TASK DATA =>
* * *
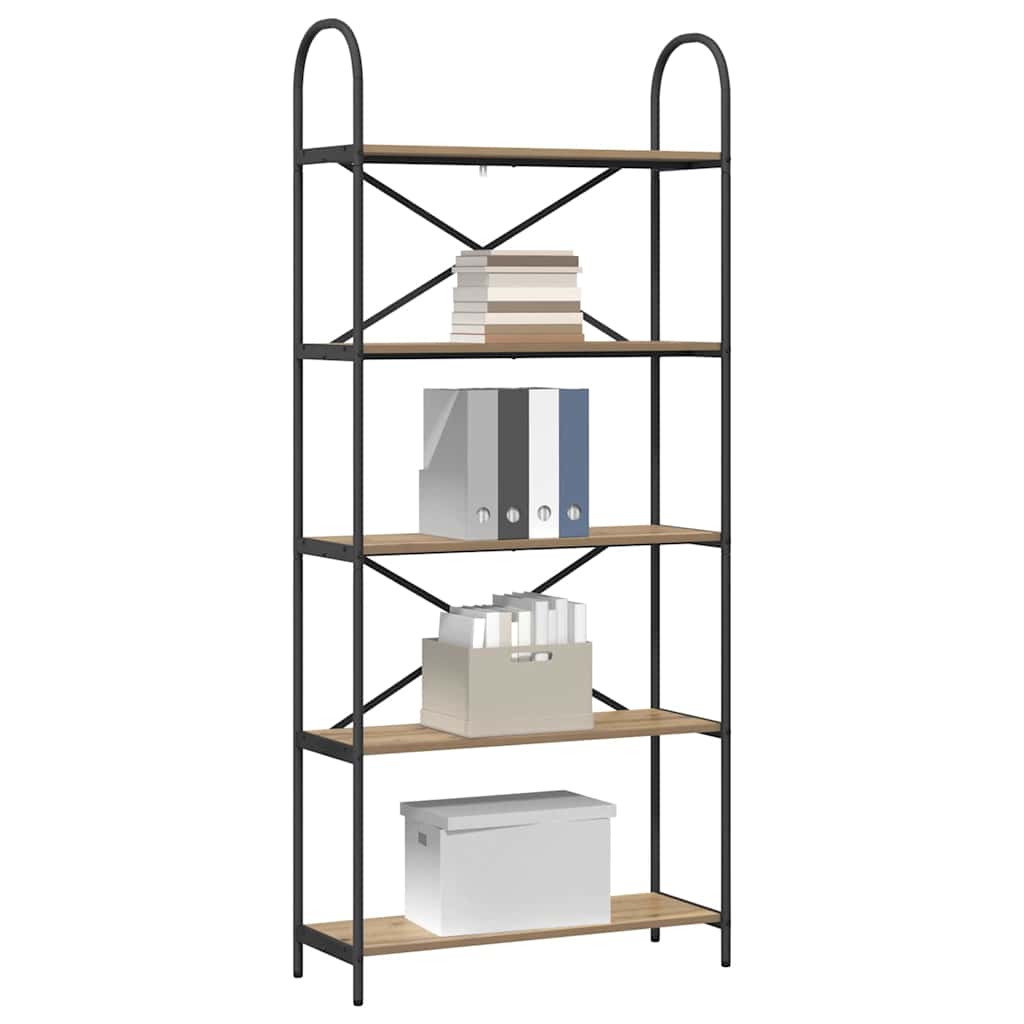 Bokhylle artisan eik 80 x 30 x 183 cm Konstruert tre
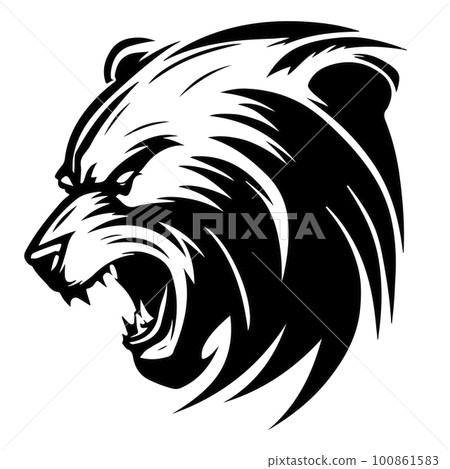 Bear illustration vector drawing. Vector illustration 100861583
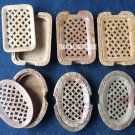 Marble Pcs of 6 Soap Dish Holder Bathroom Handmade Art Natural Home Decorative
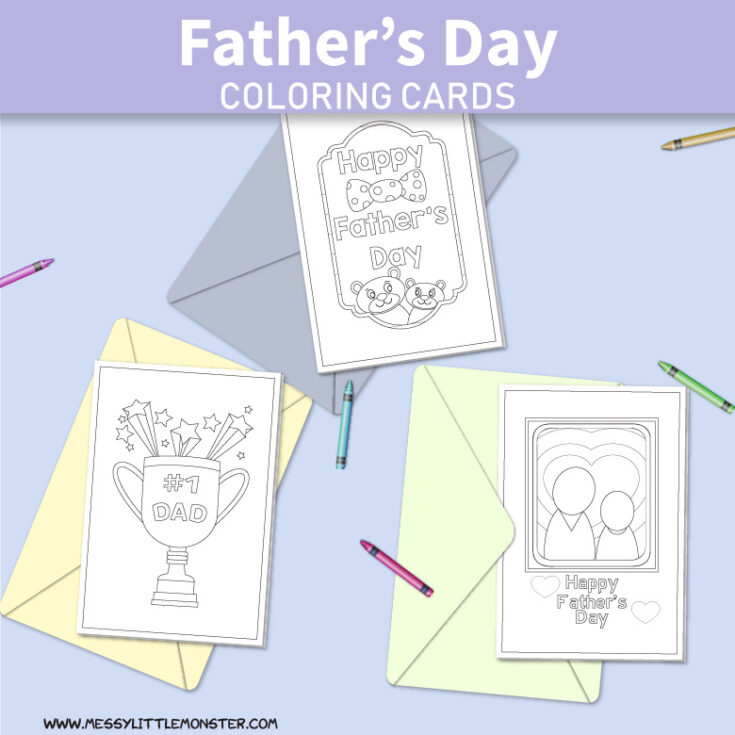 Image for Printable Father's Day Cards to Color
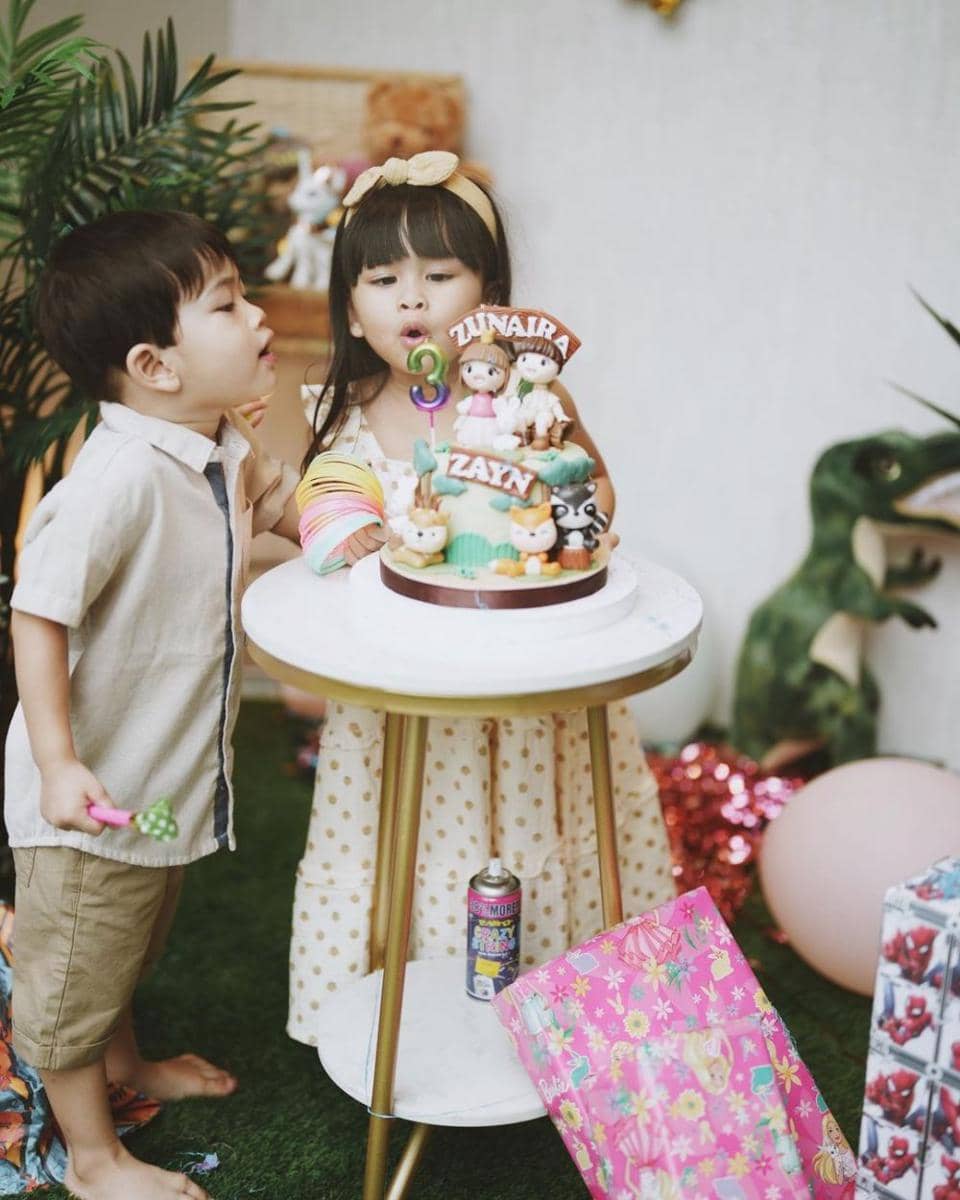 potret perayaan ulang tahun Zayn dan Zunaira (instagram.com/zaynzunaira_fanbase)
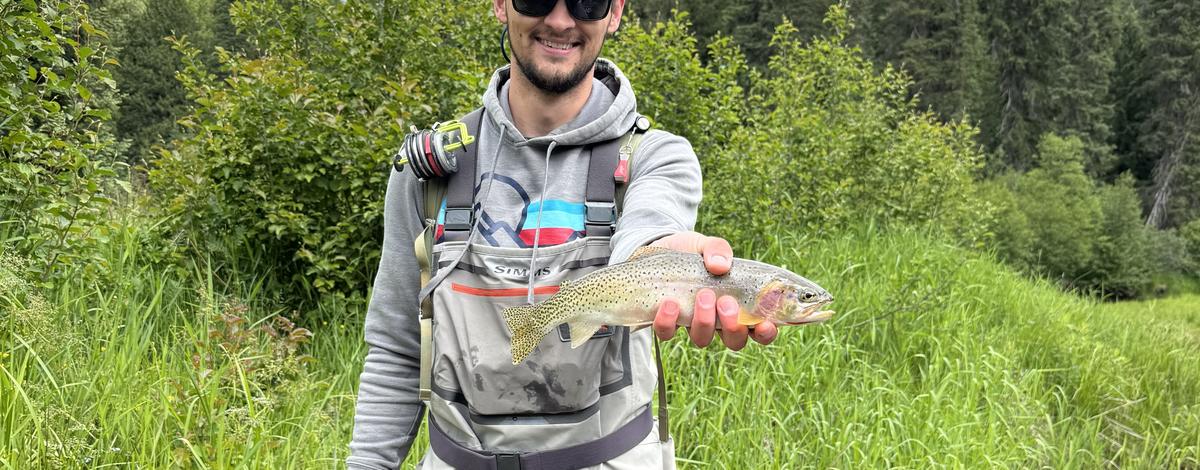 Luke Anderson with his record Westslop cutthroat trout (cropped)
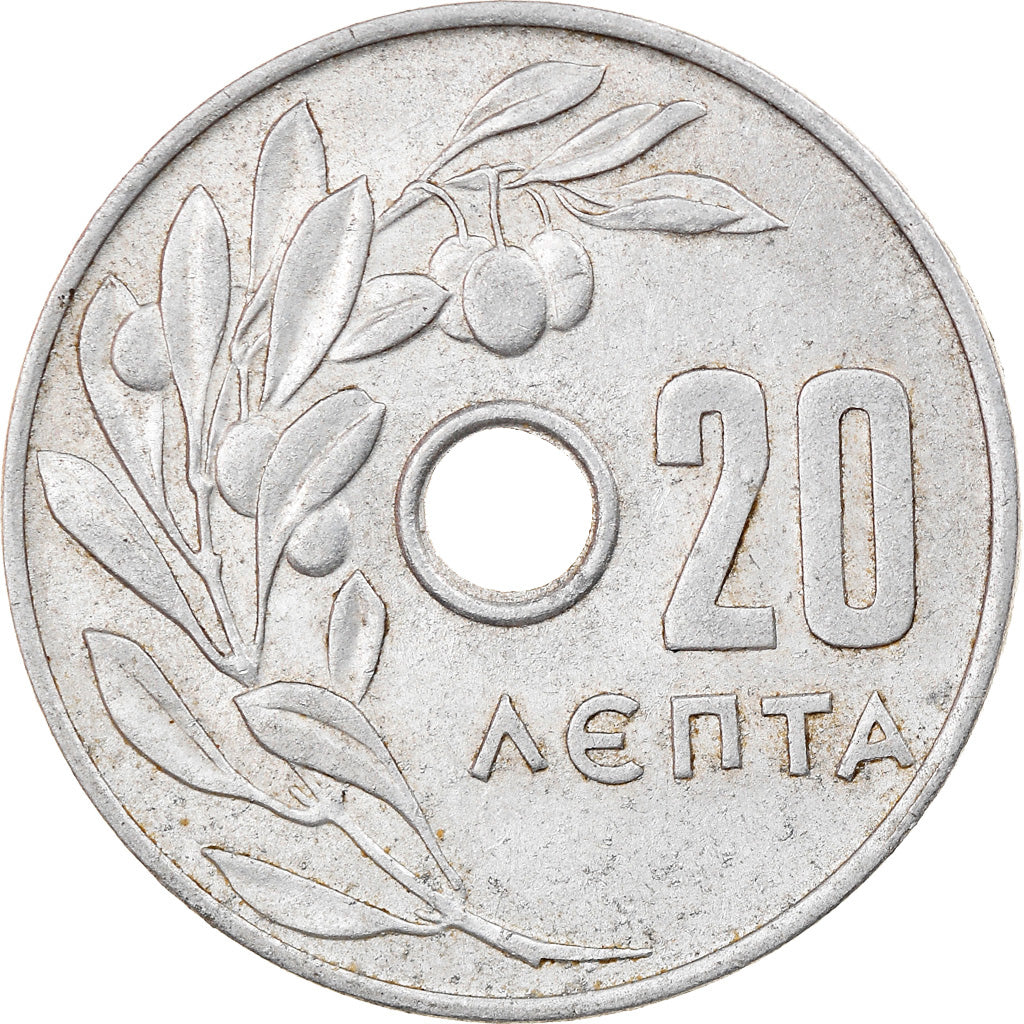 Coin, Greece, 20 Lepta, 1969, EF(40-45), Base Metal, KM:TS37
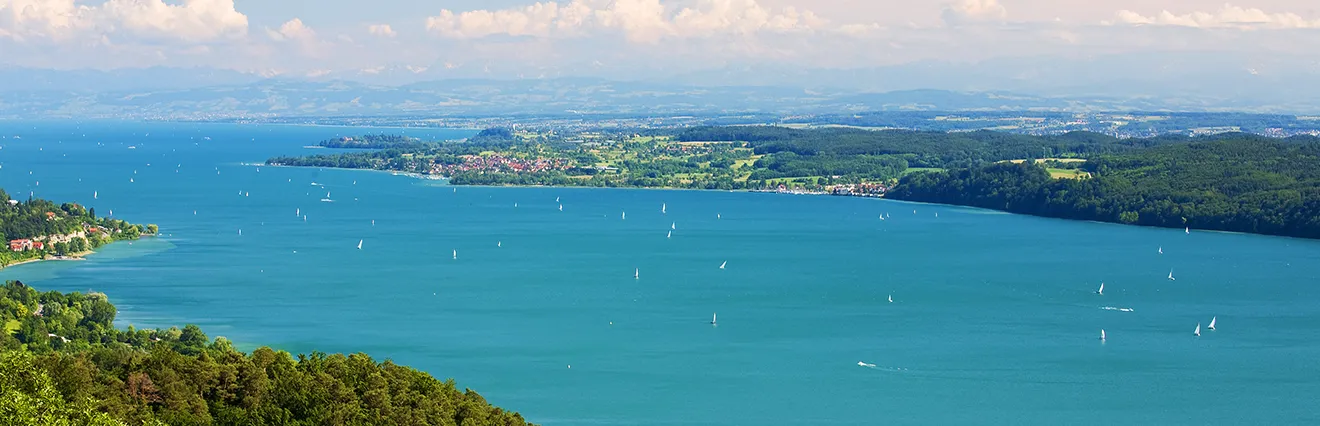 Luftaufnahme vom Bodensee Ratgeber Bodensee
* * *
Restate word for word every line from the top of the entries above to the line with "Coin, Greece, 20", inclusive, and skip any pictures.

EXERCISE RESPONSE =>
 Bokhylle artisan eik 80 x 30 x 183 cm Konstruert tre
 Bear illustration vector drawing. Vector illustration 100861583
 Marble Pcs of 6 Soap Dish Holder Bathroom Handmade Art Natural Home Decorative
 Image for Printable Father's Day Cards to Color
 potret perayaan ulang tahun Zayn dan Zunaira (instagram.com/zaynzunaira_fanbase)
 Luke Anderson with his record Westslop cutthroat trout (cropped)
 Coin, Greece, 20 Lepta, 1969, EF(40-45), Base Metal, KM:TS37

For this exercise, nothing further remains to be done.